I start with a pandas dataframe pm. It consists of several columns and rows, where one row, lets call it 'active' contains either the string 'True' or the string 'False'. For instance, it could look like this:
import pandas as pd
pm = pd.DataFrame(data={'peter': [17, 'True'],
'susan': [14, 'False'],
'tom': [1, 'False'],
'jenny': [12, 'True']},
index=['some_number', 'active'])
It looks like this:
Out[60]:
jenny peter susan tom
some_number 12 17 14 1
active True True False False
What I want is to only keep those columns, where the value of the row 'active' contains is set to 'True'. Also the strings should be casted into bools.

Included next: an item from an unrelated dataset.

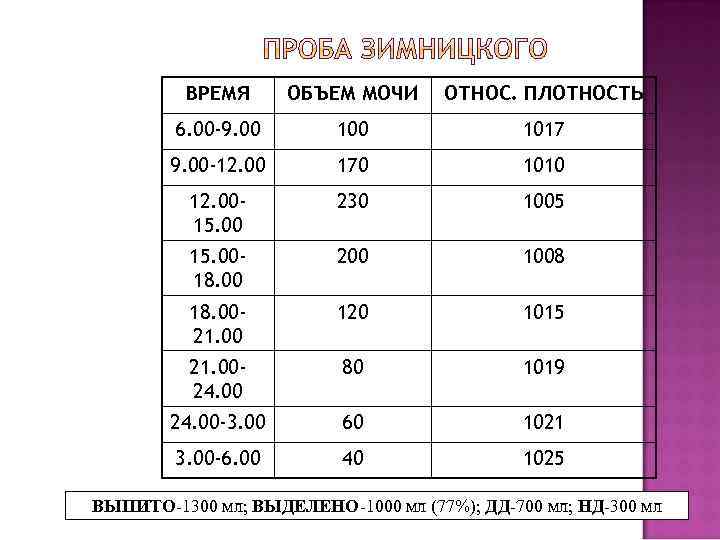 Анализы зимницких. Плотность мочи по Зимницкому 1005. Показатели пробы Зимницкого в норме. Нормальные показатели пробы Зимницкого. Проба Зимницкого удельный вес норма.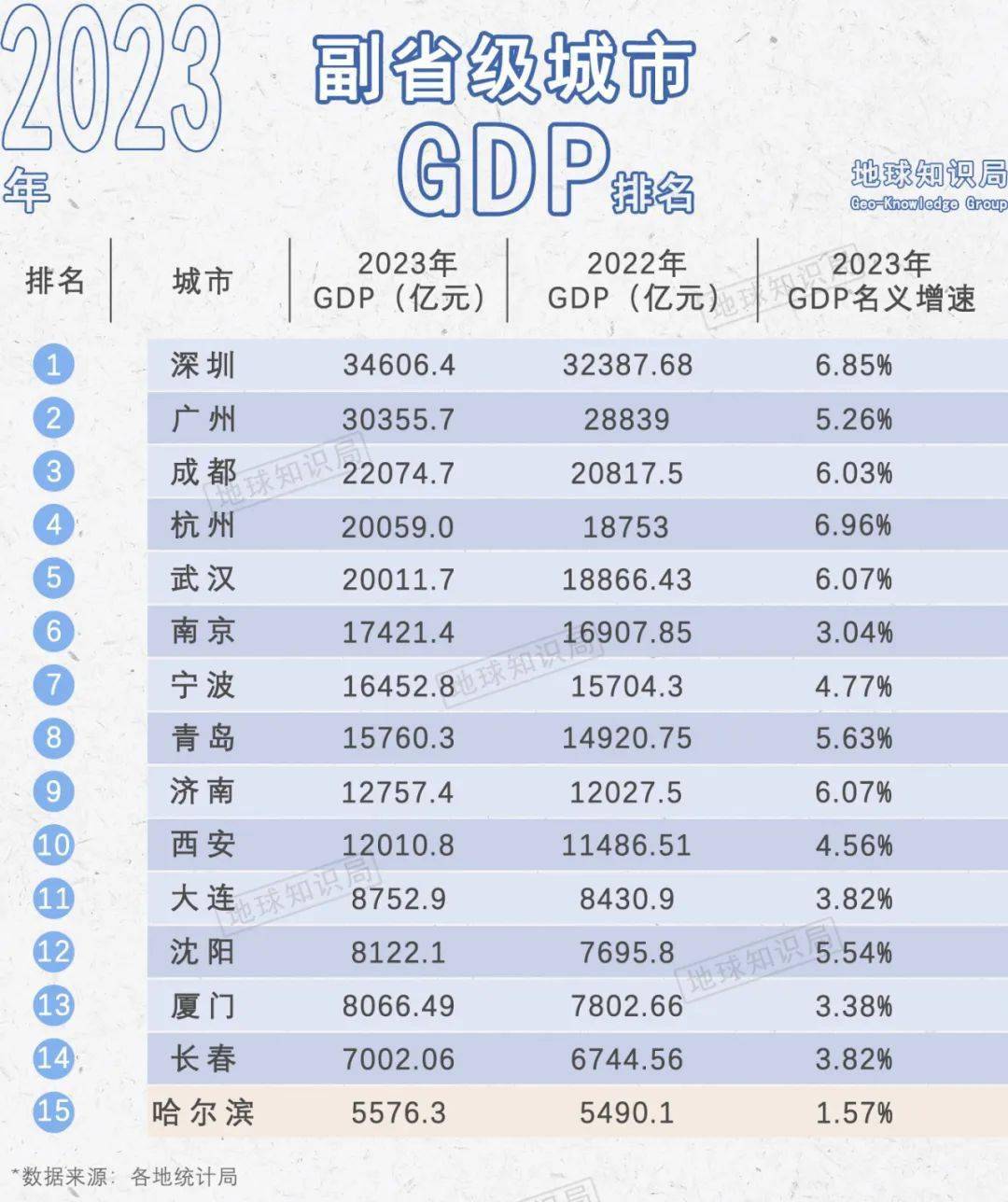 一览与地球知识局冰城困境哈尔滨地铁二期债务搁置背后的故事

For this example, I want the dataframe look like this:
desired = pd.DataFrame(data={'peter': [17, True],
'jenny': [12, True]},
index=['some_number', 'active'])
This must be very, very simple, but as i am new to pandas i am currently struggling with this. I thought of two steps:
1) Cast the whole row into bools, but when I try to do so, everything gets set to True
pm.loc['active',:] = pm.loc['active',:].astype(bool)
But it looks like this:
Out[61]:
jenny peter susan tom
some_number 12 17 14 1
active True True True True
2) In a second step, only keep those columns, where the value in the row 'active' is true. But it fails with the first step already.
A hint into the right direction would be appreciated.